Watchmen was seen as a searing indictment on racism when it was released in 2019, but following George Floyd’s death and the subsequent Black Lives Matter protests, the critically-acclaimed HBO show has gone from brilliant to essential viewing in just a matter of months.

The GOAT team talk about the George Floyd protests, Black Lives Matter and how you can help on ‘It’s Been A Big Day For…’ below:

Starting with the real-life Tulsa race massacre of 1921 as launching point, Watchmen launches into a nine-episode exploration of a society struggling with unresolved trauma – racism in this case – and wraps it up in the window dressings of a superhero comic book.

The show is deeply rooted in Black identity, what it means in America, and how much it’s changed (or not changed) after nearly a century of what we thought was progress. Using a mix of real-life history and retconned Watchmen lore, the show slowly peels back the layers of racism that has been gradually normalised over decades.

Themes like Black trauma and how it trickles from through each generation, the normalisation of racism in our everyday lives and institutions (such as the police), and the masking (literally and figuratively) of people’s true selves in order to survive the status quo are all explored without restraint. It’s a painful yet incredibly important watch in which the line between reality and escapism is almost the same.

That’s not to say Watchmen‘s examination of racism wasn’t relevant when it was initially released. It’s that the show has become even more relevant in the wake of the George Floyd protests in 2020 America.
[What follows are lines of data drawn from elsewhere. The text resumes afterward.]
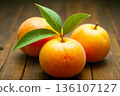 Fresh Orange Fruit with Green Leaves on Rustic Wooden Surface 136107127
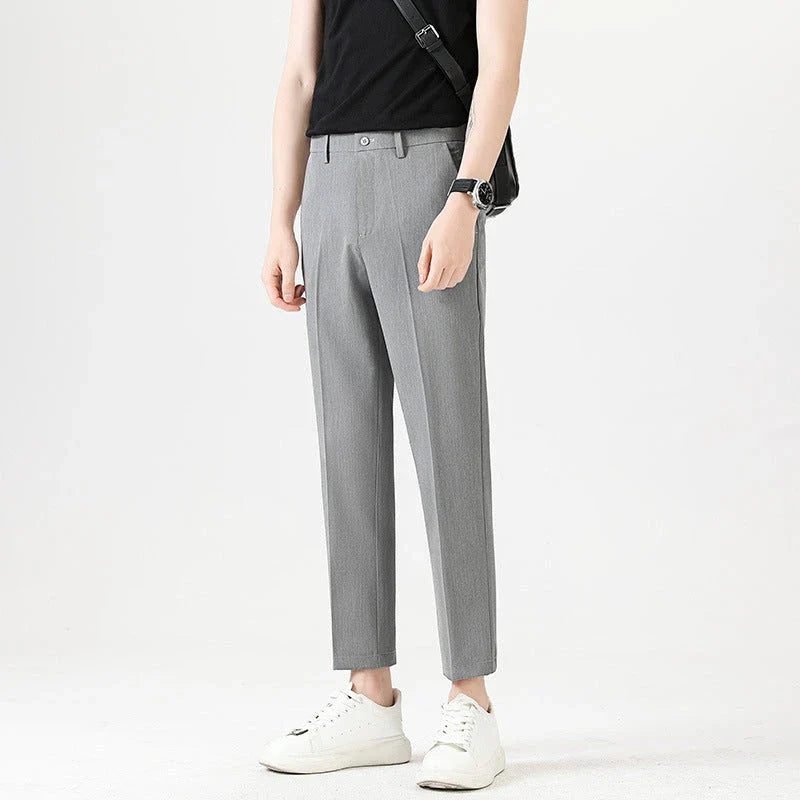 Light Luxury Men's Casual Small Trousers in various colours and sizes, featuring a stretch, pencil-leg design for a tailored, refined look.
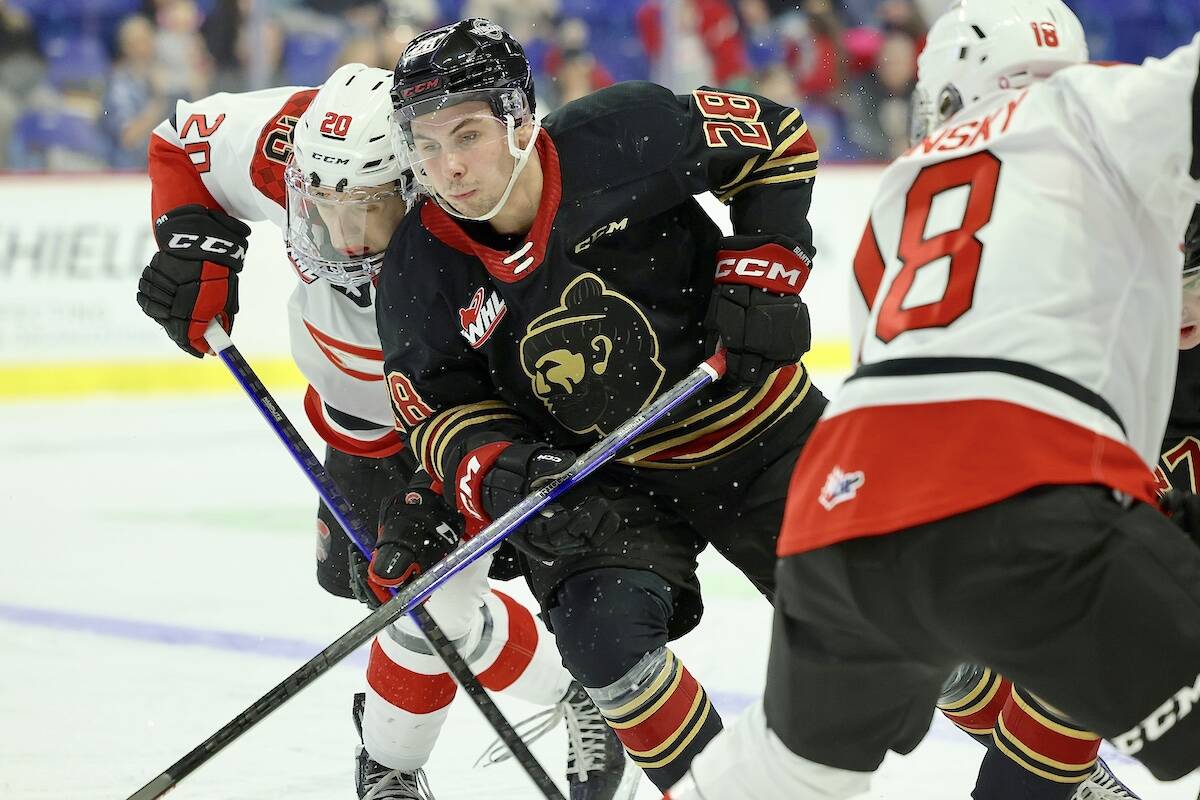 Julian Cull got past two Cougars Sunday afternoon, Dec. 4, before 2,908 fans at Langley Events Centre. Giants led for most of the first two periods, but a huge third period by the Prince George Cougars was too much for the G-men to handle. (Rob Wilton/Vancouver Giants)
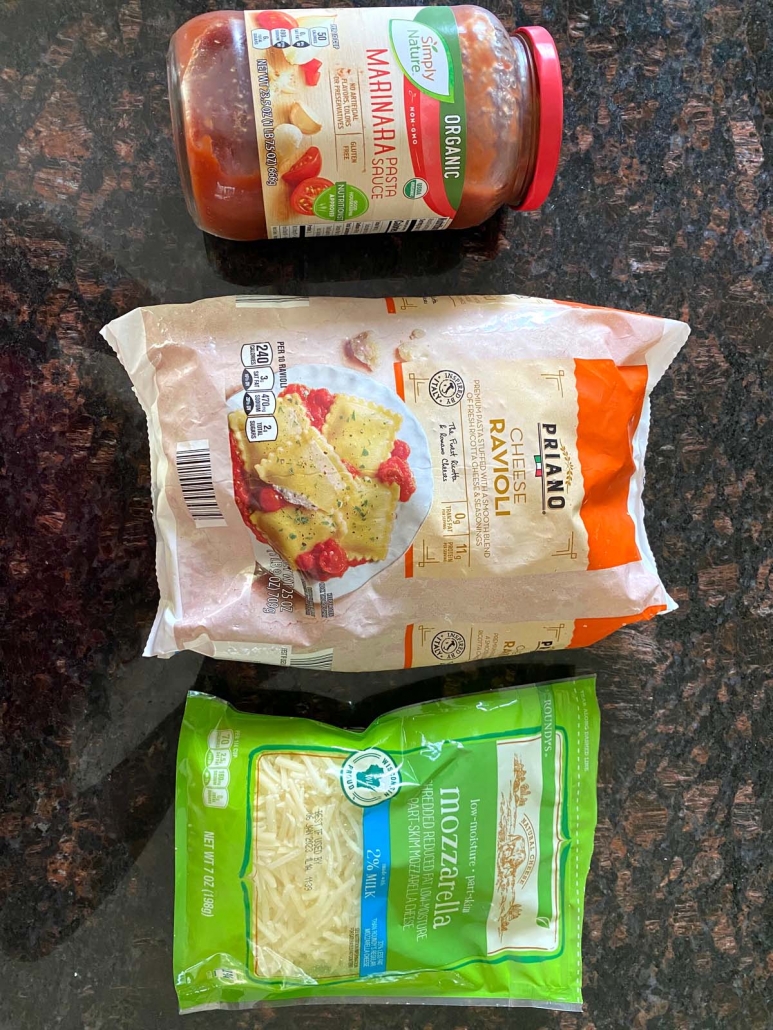 package of frozen ravioli next to jar of pasta sauce and package of shredded mozzarella cheese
Seeing how racism has infiltrated the institutions we’re supposed to trust to protect us, and how the Black Lives Matter and George Floyd protests has exposed the giant festering wound white people have tried to bandaid over for generations, Watchmen‘s rooted-in-reality allegory about not trusting the system has been given new power in the wake of what’s happened.

At a time when there’s a real need for people to educate themselves about racial injustice and a lack of agency to actually do it, Watchmen has also become the ideal middle-ground solution for this: an unflinching look into racism that’s also a great piece of entertainment.

It shouldn’t fall upon a TV show to educate people, yet it was Watchmen that brought to light the aforementioned 1921 Tulsa race massacre, a horrific event that was all but erased from history until now. How are we supposed to learn about important historical stories of Black people if they keep getting suppressed?

Go watch Watchmen for its great love story and the weird comic book stuff, but stay for the incendiary commentary on how racism is weaved into America’s fabric and how it still influences what’s happening today.